In a fight for its life, Napster files final written arguments claiming that the recording industry has bullied technology companies and that a federal judge reinterpreted the law.

In a fight for its life, Napster files final written arguments claiming that the recording industry has bullied technology companies and that a federal judge reinterpreted the law.

In what could be a last great act of defiance, Napster lawyers filed their final written brief before the copyright infringement case goes to trial.

The brief accuses the recording industry of withholding licensing, and disputes claims that the company’s file-trading application violates copyright law.

Napster is trying to stave off a potential 9th U.S. Circuit Court of Appeals order that would shut down its file-trading service, which could be a death sentence for the company.

Napster’s legal team — headed by Microsoft antitrust trial star David Boies — filed written briefs with the court on Wednesday that claim the recording industry has tried to use its stranglehold on music copyrights to force technology companies to acquiesce to its demands.

“This case is about whether the plaintiffs can use their control of music copyrights to achieve control over Napster’s decentralized technology and prevent it from transforming the Internet in ways that might undermine their present chokehold on music promotion and distribution,” Napster’s lawyers wrote in the brief.

The brief also reinforced their belief that both the Audio Home Recording Act of 1992 and the 1984 Sony Betamax case protect the file-trading application.

Napster’s defense lawyers argued that Section 1008 of the AHRA protects the file-trading network. Patel has dismissed that argument, finding that the AHRA applies only to physically manufactured products such as portable music players, and does not extend to software applications.

“There is no suggestion in the legislative history (of the AHRA) that the intent was to include only some primarily musical audio recordings within 1008 protection and to exclude other primarily musical works,” the lawyers wrote in the brief.

The federal government, along with entertainment industry groups, filed legal arguments against Napster Sept. 8, arguing that the music-sharing service did not fall under the protection of the AHRA.

Twenty “friend-of-the-court” briefs accompanied the document filed by the United States Copyright Office. The Recording Industry Association of America, which is suing Napster, also filed briefs on Sept. 8, with the 9th U.S. Circuit Court of Appeals backing the government’s position.

Boise’s team also took umbrage with what they believe was Judge Marilyn Patel’s reinterpretation of the 1984 Sony Betamax case, which found that technologies with substantial non-infringing uses could not be banned.

In the brief, Napster’s legal team argued that the file-trading application can be used to “space shift” digital music — allowing users to digitize their music by downloading music files from Napster that they already own in CD formats to store onto their computer hard drive.

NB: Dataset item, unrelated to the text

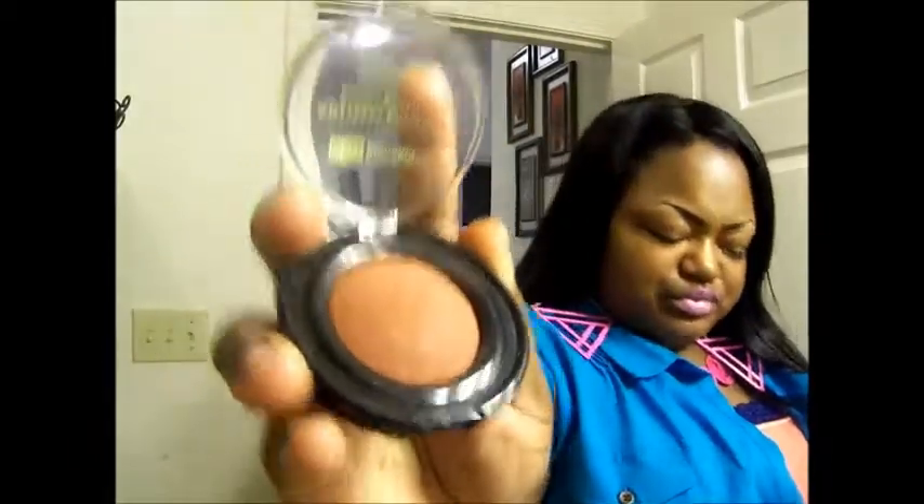For blush — every woman loves blush. Black Radiance Toasted Almond, similar to the Sleek Blush in Sahara. Toasted Almond on one side, and on the other side I'm going to use the Sahara from Sleek. Then blush by e.l.f. in Mellow Mauve, just to balance out the orange color and deep orange undertone. Mellow Mauve from e.l.f.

Several trade organizations which included the Consumer Electronics Association and the Digital Media Association came out in support of Napster in the company’s legal battle, arguing that Patel misinterpreted the 1984 Sony Betamax case.

The current legal wrangling came to a head on July 26 when Judge Patel issued a temporary injunction that would have shut Napster down. Less than two days later, the appeals court granted the company a stay while the court examined Patel’s ruling.

Final arguments will be heard by the appellate court on Oct. 2.